When I first started painting back in the 80s, there was a fairly widespread notion that painting was Over as a meaningful cultural activity. This was expressed as the “End of Painting”, or possibly even the “Death of Painting”, presumably depending on the degree of finality one wished to communicate.
I was more impressionable in those days, and probably ascribed more importance to this particular meme than I should have. It bothered me so much, in fact, that I wrote a first draft of what was to be a definitive counter-argument. I took apart at all of the various arguments I could dredge up, from the obvious (photography) through various critical arguments (Greenberg, Kosuth) and even references in literature (Kundera, Immortality). It got to be fairly lengthy, but ultimately I lost interest and never finished it.

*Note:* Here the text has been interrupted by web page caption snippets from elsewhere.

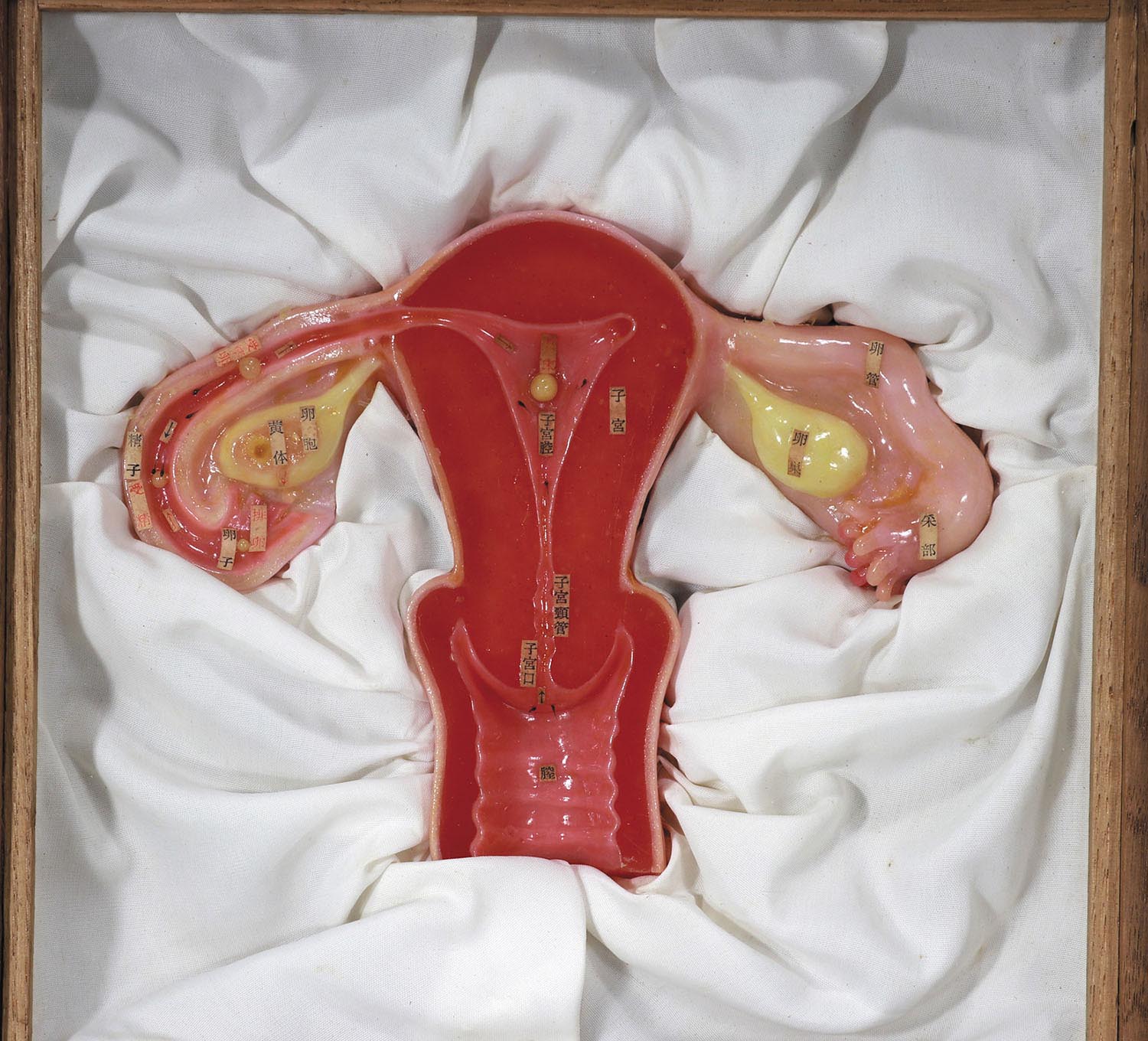 Uterus Model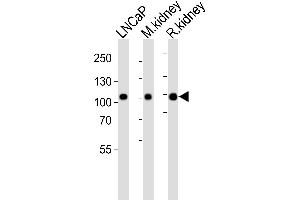 Western blot analysis of lysates from LNCaP cell line, mouse kidney, rat kidney tissue lysate(from left to right), using E Antibody (Center) (ABIN6243088 and ABIN6577473). (MME 抗体  (AA 492-525))
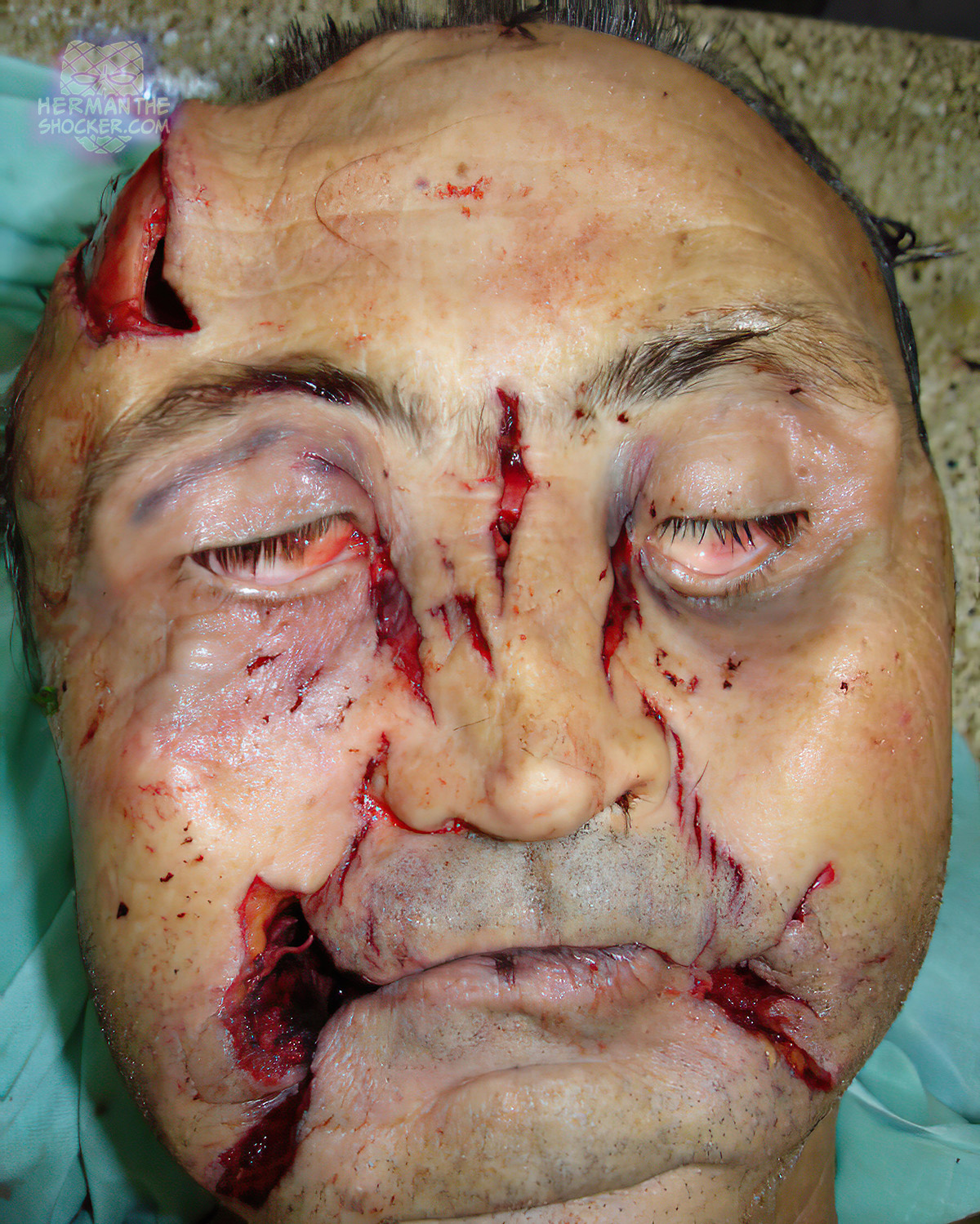 Linear tears on face from the rapid expansion of departed gases from an intraoral gunshot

When I was thinking about what to write about in this blog, it occurred to me that I could perhaps repurpose that earlier effort as a series of posts. However, when I went back to re-read what I had written, I couldn’t help feeling that most of it wasn’t terribly relevant any more, although I still agree with much of what I wrote back then.
The reason, simply, is that some time in the past ten or fifteen years we lived through another cultural shift, in which it was the End of Painting, not painting itself, that passed into the realm of intellectual history. There has been too much good painting in the recent past for any but the most ideologically motivated believer to give much credence to the notion that painting’s time has ended.
Or to put it another way, the best possible counter arguments to the End of Painting, and really the only arguments that matter, are the works of Thomas Nozkowski, or Antonio López García, or Elizabeth Murray, or [insert name of favourite contemporary painter here].
Of course, that’s a painter’s response to the “end of painting” concept: Let’s shut down the discussion as fast as possible, so we can get on with what really matters, which is painting …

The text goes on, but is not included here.